When a doctor becomes a patient
Dr. Wes Oczkowski’s life was in danger, and he didn’t even know it. An intense pain developed in his chest one morning in February 2019 when he was clearing the snow from his car.
“The pain went away, so I didn’t give it much thought,” says Dr. Oczkowski. “Then the pain came back twice that morning and I started to realize the potential severity of my condition.”
Dr. Oczkowski went to the emergency department at Hamilton General Hospital (HGH). The staff was surprised to see him there as a patient, given that he is the division head of neurology at Hamilton Health Sciences (HHS).
An electrocardiogram revealed that the electrical activity in his heart was abnormal. The pain he was experiencing was caused by a lack of blood flow to the heart muscles, and he was at risk of suffering a massive heart attack.
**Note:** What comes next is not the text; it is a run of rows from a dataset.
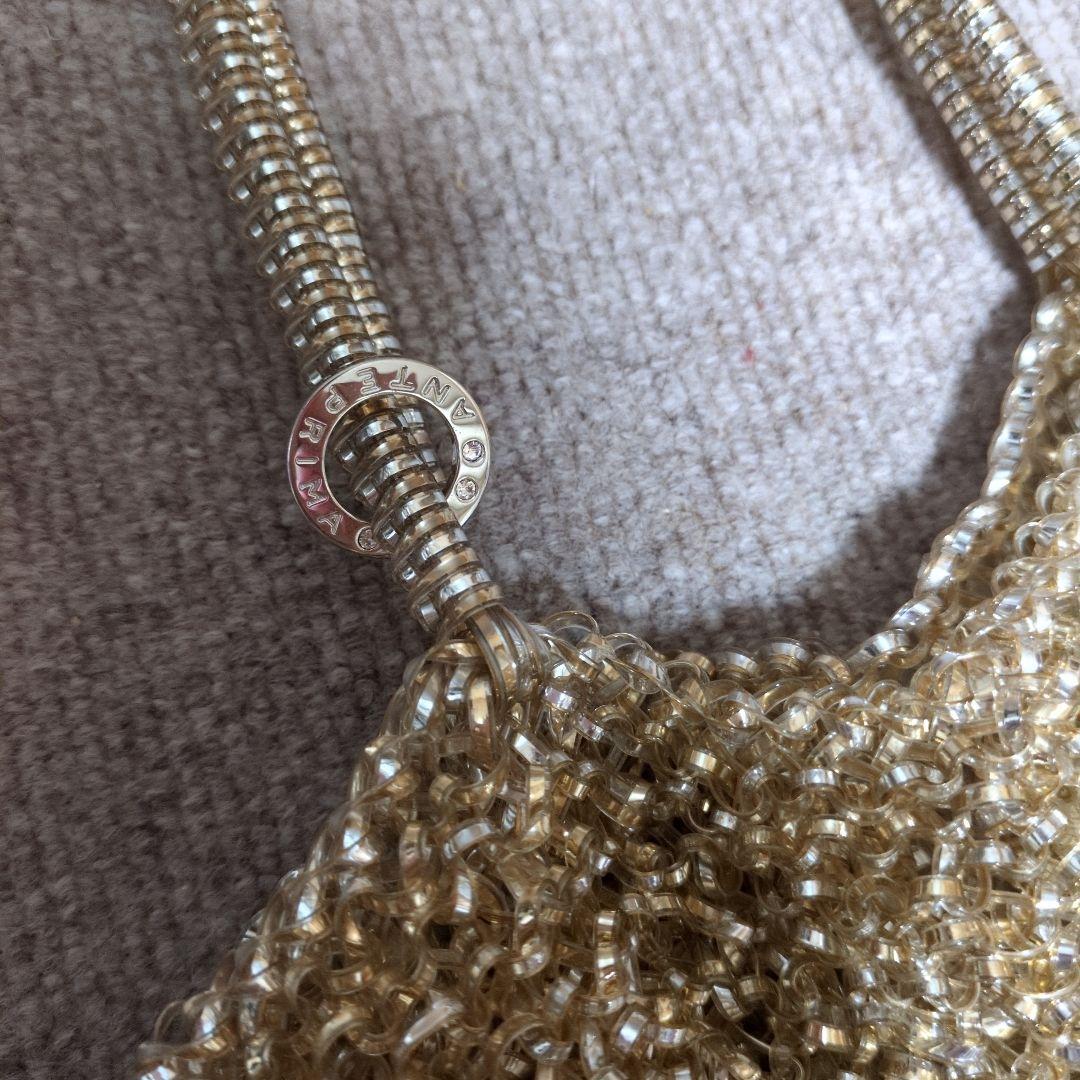 ANTEPRIMA ゴールド ビーズ装飾 パーティーバッグ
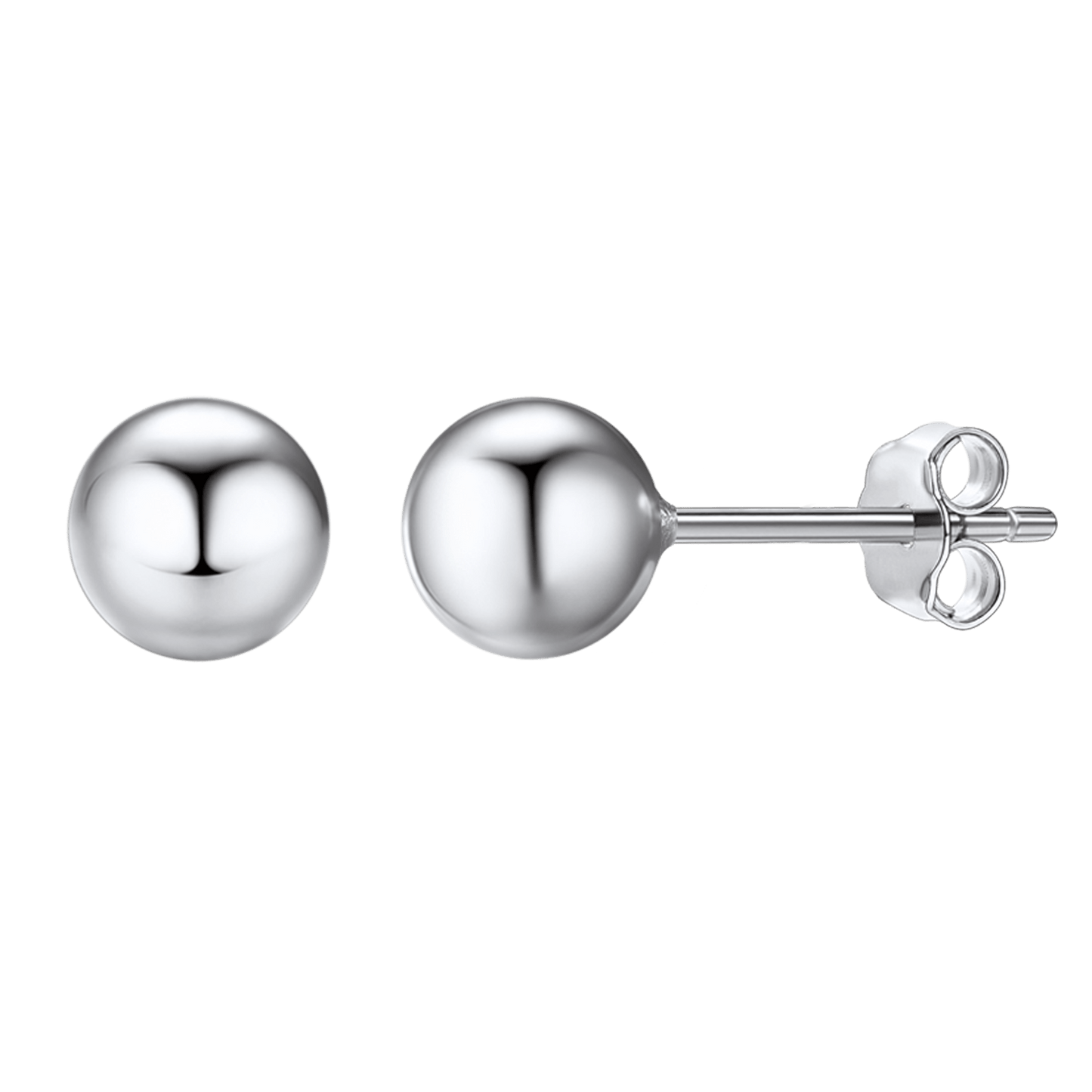 S925 Silver Minimalist Ball Stud Earrings for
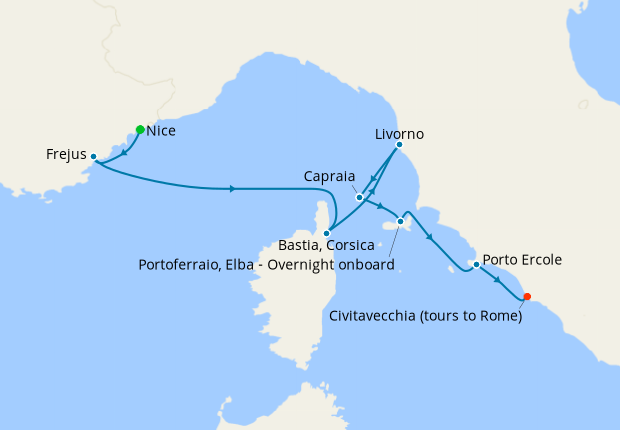Cruise Itinerary Map
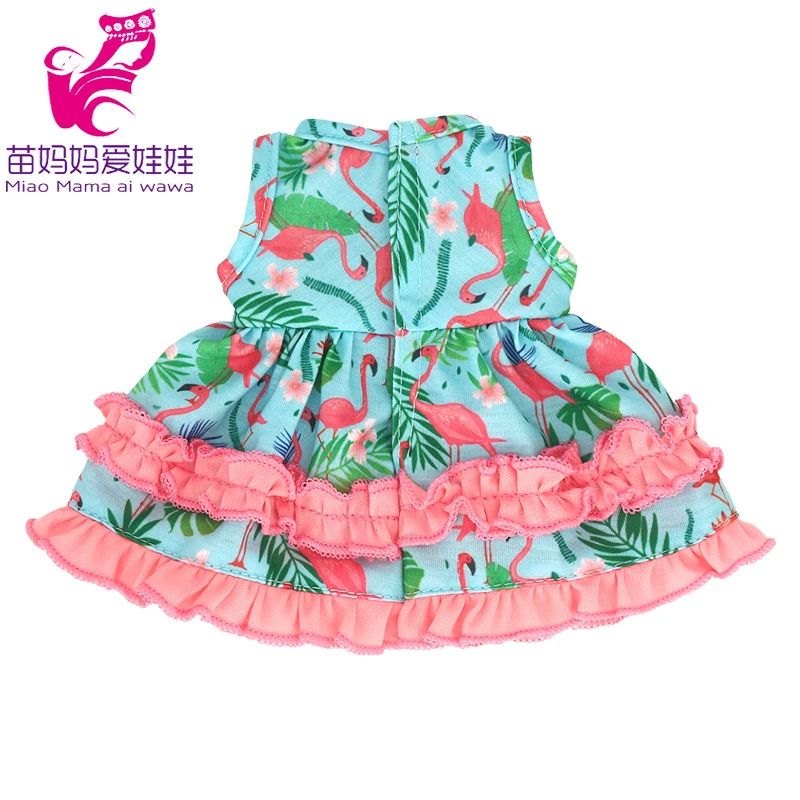 Doll Summer Green Sequins Dress 12 Inch Baby Doll Clothes Children Birthday Gift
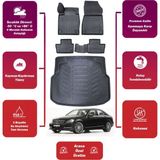 Mercedes C Serisi W204 2009 Model Plastik Bagaj Havuzu+4d Araca Özel Havuzlu Paspas Takımıı Maxii - Siyah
“They discovered that the main blood vessels in my heart had blockages,” explains Dr. Oczkowski. “In a way, this was surprising because I had always led an active lifestyle full of regular exercise and a good diet. In another way, it wasn’t surprising because there was a history of heart disease in my family.”
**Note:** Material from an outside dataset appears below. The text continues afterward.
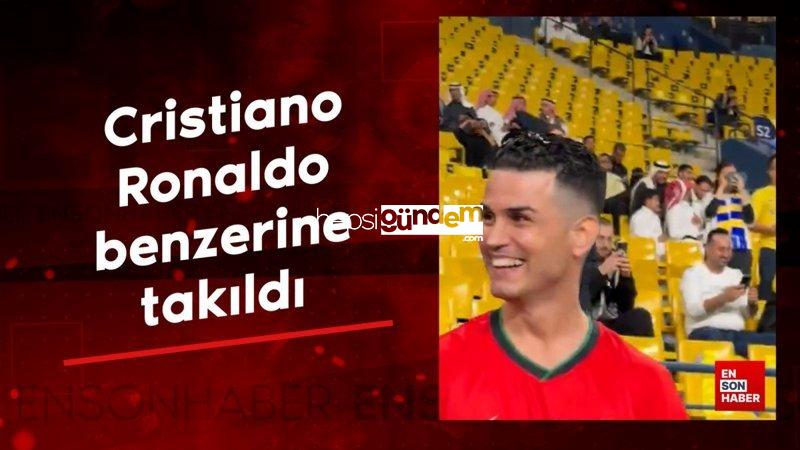 Cristiano Ronaldo’dan Adanalı benzerine: Çok berbatsın kardeşim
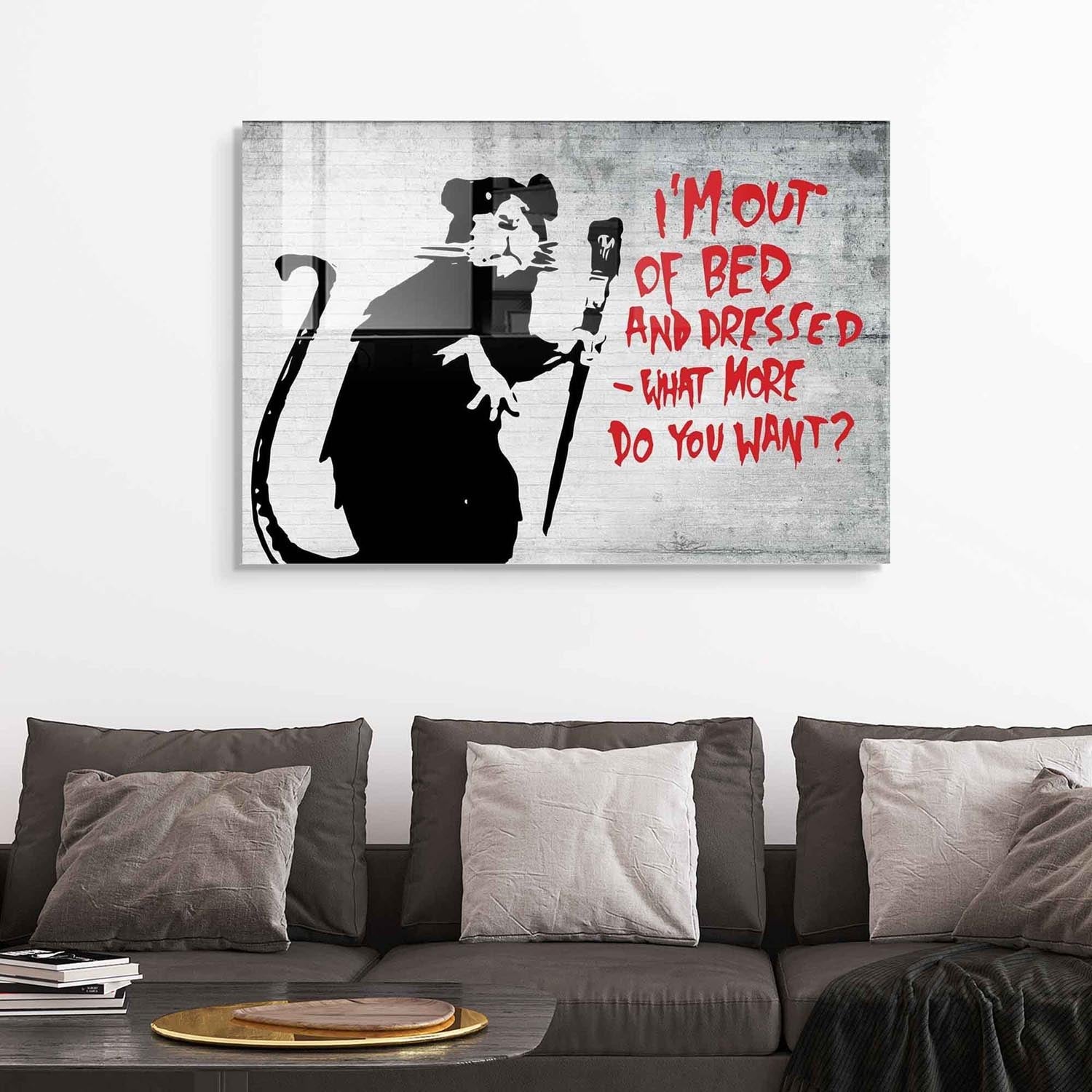 Entdecken Sie die faszinierende Schönheit des mehrfarbigen UV-Bildes von Wallity. Dieses 30 x 45 cm große Kunstwerk aus robustem gehärtetem Glas verleiht jedem Raum Eleganz und Stil.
Dr. Oczkowski required urgent bypass surgery. Dr. Victor Chu performed a complex open-heart procedure to bypass the blockages and allow for regular blood flow. Veins were taken from Dr. Oczkowski’s leg and an artery from his chest, which were grafted into his heart to complete the six required bypasses.
“It was a major surgical procedure that required many hours, and I was fortunate to be in the hands of such a capable surgical team.”
“I’m feeling better than ever now.”
After the surgery, Dr. Oczkowski spent two days in the intensive care unit, followed by another three days recovering on the cardiac surgical unit.
“Being a patient at HGH was a unique situation because I’d taught some of the people who were caring for me,” recalls Dr. Oczkowski. “Everyone did a marvelous job and everything went like clockwork. I couldn’t have asked for better care.”
Back to saving lives
His recovery progressed well and he returned home five days after the surgery. At first, Dr. Oczkowski was barely able to get up from his bed. As he regained strength and energy, Dr. Oczkowski was taking extended walks around the neighbourhood.
He was back to work two months later.
“I’m feeling better than ever now,” says Dr. Oczkowski. “I’m back at the gym and able to work out harder than before. Thanks to the amazing care I received at HGH, I was able to resume the work I love doing – caring for patients and teaching the next generation of care professionals. I’m grateful to have been given a second chance at life.”